= Prabhakar Christopher Benjamin Balaram =

Prabhakar Christopher Benjamin Balaram (10 July 1906 – 17 January 1968) was an Indian bishop of The Methodist Church (USA), elected in 1965.

==Early life==
Benjamin (as he was known) was born 10 July 1906 in Hyderabad, India. His ancestors had been of a priestly caste. However, he had a remarkably dedicated Christian mother. On one occasion, at a special service held soon after his birth, his mother (then only sixteen) made an offering. She put into an envelope all the money she had, writing on the outside: "I offer to the Lord these three rupees and my son."

Balaram was an apt student. He studied engineering at the University of Edinburgh, with additional study in Denmark. He was chosen by the Methodist Episcopal Church as a Crusade Scholar, going onto further higher education in the United States. Completing his B.A. degree, Phi Beta Kappa, he went on to complete his Master's degree at the University of Pittsburgh.

==Ministry==
Upon the completion of these educational pursuits, Balaram returned to India. He was enlisted by Bishop Pickett for development work, both urban and village Christian work. Over the course of his career, Rev.

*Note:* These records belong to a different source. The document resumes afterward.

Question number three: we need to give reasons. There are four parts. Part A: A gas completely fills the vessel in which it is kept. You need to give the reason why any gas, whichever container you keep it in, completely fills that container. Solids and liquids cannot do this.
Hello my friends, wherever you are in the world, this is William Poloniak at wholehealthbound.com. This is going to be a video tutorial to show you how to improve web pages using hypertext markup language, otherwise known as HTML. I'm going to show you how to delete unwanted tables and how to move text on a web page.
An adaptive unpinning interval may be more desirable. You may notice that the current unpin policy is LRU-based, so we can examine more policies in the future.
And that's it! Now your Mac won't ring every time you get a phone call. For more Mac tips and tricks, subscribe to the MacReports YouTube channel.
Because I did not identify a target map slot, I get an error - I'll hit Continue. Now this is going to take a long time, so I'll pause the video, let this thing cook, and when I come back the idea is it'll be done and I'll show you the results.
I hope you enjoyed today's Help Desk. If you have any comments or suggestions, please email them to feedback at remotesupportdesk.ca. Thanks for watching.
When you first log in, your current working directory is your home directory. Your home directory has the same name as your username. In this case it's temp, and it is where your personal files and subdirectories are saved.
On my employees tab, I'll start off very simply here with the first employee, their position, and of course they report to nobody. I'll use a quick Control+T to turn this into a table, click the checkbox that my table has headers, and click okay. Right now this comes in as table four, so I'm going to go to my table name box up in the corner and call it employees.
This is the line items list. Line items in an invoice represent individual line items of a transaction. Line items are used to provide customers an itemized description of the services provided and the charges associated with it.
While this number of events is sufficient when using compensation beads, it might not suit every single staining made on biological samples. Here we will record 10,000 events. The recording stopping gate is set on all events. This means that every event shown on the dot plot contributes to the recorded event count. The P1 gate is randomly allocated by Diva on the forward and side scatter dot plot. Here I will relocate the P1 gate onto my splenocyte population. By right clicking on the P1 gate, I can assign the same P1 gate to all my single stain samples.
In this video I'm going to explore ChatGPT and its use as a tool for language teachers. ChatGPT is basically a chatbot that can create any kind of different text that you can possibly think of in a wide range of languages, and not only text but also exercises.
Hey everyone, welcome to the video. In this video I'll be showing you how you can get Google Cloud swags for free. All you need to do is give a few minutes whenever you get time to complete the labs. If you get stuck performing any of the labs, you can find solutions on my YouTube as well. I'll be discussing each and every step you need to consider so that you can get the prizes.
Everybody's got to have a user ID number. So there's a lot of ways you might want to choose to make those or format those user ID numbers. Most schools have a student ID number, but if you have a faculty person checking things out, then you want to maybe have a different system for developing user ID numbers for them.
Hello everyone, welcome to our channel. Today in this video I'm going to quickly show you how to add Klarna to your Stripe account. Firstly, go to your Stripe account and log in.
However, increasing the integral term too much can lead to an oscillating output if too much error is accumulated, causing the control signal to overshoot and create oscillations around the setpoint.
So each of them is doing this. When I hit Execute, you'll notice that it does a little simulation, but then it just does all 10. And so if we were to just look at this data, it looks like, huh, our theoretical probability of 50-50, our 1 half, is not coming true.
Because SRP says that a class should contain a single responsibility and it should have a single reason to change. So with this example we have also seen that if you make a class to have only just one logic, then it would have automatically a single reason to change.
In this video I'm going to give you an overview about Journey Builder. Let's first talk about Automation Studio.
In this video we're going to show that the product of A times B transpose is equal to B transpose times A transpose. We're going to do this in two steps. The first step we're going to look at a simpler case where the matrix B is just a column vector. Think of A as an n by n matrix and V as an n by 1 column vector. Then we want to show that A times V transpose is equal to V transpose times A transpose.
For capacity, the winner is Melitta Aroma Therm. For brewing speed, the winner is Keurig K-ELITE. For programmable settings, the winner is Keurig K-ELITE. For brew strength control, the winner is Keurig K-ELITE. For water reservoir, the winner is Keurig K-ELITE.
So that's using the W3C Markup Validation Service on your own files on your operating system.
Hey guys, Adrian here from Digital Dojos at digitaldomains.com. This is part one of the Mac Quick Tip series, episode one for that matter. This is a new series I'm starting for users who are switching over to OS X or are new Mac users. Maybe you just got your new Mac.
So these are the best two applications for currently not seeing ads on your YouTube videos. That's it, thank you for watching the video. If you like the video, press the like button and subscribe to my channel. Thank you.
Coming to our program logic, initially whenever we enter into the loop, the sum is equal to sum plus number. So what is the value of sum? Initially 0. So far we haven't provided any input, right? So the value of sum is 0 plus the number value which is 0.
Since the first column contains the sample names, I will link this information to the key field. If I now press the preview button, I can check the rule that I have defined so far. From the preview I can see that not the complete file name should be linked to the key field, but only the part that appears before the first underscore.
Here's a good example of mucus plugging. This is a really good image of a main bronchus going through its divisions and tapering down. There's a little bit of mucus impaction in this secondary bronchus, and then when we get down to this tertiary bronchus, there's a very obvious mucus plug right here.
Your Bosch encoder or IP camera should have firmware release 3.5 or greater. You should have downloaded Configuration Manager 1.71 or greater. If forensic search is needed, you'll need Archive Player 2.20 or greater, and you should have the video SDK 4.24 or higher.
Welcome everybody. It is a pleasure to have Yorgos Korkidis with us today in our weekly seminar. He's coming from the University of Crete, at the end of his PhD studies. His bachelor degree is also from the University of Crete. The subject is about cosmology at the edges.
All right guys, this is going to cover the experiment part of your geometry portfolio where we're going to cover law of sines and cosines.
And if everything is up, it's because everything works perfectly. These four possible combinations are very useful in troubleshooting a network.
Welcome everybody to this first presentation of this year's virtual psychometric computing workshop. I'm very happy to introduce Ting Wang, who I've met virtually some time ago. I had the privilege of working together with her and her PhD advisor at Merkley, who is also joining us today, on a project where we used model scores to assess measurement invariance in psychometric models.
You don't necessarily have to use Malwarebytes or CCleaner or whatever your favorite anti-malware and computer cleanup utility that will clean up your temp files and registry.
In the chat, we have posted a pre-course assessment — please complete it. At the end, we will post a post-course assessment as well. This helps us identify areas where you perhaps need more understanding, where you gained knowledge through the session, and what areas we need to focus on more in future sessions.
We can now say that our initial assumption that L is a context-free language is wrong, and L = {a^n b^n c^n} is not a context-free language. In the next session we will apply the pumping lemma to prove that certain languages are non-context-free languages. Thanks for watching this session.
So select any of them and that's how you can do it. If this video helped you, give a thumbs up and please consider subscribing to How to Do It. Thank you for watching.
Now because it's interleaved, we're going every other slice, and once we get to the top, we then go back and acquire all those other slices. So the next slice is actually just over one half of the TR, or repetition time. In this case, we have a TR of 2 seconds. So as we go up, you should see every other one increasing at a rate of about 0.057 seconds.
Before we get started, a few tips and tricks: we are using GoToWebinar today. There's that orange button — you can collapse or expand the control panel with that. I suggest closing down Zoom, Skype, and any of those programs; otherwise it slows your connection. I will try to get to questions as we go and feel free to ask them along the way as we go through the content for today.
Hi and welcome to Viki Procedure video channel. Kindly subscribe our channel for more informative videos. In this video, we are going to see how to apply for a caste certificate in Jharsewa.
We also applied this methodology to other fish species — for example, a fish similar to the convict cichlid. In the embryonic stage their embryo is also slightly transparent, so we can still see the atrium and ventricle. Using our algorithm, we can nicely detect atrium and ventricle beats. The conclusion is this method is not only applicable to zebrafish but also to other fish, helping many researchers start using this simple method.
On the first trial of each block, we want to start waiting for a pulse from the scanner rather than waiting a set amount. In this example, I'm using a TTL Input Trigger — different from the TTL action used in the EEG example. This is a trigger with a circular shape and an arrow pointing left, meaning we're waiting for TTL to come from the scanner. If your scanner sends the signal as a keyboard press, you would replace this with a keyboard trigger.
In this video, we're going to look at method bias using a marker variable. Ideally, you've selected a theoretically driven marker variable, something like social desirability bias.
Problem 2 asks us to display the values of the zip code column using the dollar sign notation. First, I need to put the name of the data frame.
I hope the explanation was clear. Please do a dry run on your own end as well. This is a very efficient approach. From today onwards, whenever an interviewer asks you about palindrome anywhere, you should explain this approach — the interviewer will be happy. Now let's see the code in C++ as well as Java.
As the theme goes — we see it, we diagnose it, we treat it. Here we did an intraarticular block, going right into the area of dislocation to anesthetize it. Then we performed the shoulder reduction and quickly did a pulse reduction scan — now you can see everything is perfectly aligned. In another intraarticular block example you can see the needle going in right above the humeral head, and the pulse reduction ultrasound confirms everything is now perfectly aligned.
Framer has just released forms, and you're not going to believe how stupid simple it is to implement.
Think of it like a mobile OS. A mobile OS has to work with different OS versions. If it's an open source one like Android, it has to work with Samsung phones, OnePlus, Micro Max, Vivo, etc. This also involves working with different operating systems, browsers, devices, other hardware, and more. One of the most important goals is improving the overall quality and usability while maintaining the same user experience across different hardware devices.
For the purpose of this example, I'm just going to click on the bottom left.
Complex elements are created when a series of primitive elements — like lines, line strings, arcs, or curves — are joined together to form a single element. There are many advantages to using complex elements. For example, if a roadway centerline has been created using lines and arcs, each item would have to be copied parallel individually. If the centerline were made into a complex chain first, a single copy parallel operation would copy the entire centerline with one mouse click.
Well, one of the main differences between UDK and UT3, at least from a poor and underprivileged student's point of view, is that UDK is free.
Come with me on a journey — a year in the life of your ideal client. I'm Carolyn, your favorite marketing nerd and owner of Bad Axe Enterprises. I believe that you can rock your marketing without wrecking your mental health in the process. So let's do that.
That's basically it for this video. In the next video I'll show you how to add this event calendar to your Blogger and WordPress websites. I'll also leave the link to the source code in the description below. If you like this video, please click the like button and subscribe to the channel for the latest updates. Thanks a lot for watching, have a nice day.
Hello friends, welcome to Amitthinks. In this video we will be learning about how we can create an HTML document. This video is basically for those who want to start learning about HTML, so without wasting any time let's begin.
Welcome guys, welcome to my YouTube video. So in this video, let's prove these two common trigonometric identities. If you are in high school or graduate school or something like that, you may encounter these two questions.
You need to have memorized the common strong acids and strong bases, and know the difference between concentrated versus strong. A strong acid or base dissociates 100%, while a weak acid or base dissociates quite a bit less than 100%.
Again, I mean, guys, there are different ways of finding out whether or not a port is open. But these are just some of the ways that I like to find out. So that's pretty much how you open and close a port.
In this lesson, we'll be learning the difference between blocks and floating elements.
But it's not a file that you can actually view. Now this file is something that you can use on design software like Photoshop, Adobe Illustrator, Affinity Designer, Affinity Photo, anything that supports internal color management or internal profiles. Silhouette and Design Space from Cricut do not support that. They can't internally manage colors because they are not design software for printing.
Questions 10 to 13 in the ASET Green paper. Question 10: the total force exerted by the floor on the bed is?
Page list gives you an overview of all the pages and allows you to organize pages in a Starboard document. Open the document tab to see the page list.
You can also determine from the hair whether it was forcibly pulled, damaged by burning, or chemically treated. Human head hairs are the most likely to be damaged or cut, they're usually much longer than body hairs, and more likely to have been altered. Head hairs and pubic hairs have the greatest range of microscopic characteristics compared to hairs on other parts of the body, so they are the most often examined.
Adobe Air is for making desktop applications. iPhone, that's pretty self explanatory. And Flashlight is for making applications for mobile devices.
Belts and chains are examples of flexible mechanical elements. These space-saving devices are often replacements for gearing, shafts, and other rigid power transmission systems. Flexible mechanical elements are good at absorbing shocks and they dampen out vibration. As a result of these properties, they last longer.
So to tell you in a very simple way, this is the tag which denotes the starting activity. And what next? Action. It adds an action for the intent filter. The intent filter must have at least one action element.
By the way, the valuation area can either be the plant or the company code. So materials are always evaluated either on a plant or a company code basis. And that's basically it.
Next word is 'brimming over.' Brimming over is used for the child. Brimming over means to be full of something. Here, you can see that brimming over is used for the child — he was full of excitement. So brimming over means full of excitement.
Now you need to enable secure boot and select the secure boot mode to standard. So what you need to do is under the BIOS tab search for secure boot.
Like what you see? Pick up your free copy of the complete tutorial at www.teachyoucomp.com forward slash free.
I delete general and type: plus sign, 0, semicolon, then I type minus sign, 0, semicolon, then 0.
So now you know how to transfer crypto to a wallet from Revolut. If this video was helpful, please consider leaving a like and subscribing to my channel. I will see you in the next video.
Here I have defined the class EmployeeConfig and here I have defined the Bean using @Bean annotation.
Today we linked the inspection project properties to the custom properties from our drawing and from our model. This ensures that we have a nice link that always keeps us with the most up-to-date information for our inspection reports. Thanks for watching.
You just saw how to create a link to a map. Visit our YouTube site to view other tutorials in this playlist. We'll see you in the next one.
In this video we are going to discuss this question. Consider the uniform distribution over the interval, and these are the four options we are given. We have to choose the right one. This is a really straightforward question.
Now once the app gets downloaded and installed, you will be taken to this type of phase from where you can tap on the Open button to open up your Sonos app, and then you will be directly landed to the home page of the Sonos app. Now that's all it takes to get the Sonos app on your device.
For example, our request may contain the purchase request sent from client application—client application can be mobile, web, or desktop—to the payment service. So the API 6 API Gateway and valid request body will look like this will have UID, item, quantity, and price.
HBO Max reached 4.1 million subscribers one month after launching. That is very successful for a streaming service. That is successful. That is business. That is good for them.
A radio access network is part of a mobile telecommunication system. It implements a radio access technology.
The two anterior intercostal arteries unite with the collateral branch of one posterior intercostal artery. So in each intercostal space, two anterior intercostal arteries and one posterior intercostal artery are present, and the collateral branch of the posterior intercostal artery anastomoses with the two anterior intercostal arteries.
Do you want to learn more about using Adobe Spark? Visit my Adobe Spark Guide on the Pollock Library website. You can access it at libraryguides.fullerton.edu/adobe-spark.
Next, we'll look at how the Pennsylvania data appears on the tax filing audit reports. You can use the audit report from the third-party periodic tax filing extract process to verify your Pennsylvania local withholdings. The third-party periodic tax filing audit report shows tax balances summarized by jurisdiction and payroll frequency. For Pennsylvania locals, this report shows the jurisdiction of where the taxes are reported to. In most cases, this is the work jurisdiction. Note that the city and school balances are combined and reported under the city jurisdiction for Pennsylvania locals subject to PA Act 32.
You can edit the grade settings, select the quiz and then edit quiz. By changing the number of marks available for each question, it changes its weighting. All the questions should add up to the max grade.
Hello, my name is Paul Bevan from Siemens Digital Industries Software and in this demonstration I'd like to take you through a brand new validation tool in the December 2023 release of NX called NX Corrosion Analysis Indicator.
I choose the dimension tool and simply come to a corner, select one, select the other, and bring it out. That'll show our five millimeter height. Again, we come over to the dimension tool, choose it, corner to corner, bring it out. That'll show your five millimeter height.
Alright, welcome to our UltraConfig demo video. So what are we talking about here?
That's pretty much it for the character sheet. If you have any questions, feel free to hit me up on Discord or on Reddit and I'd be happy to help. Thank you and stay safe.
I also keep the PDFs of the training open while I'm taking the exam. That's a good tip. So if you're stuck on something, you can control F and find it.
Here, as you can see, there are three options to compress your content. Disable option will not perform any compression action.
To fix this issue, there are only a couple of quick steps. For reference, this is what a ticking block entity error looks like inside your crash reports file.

Balaram served in a variety of positions, becoming a widely acknowledged religious leader, especially in education and social work.

Rev. Balaram was elected to the episcopacy by the Central Conference of South Asia at the Central Conference meeting in January 1965. He was assigned to the Lucknow episcopal area.

Bishop Balaram was known as a highly creative person, full of ideas. Very articulate and winsome, he won many friends for India wherever he went. For instance, he was an intimate friend of Bishop Mathews for over thirty years.

Balaram also personally knew many of the political leaders of the newly independent India. He was able to help offset any damaging effect of the image of that day that the Indian Christian Church and community were in someway "foreign."

==Death and burial==
Balaram died from a heart attack on 17 January 1968. He was buried in Lucknow.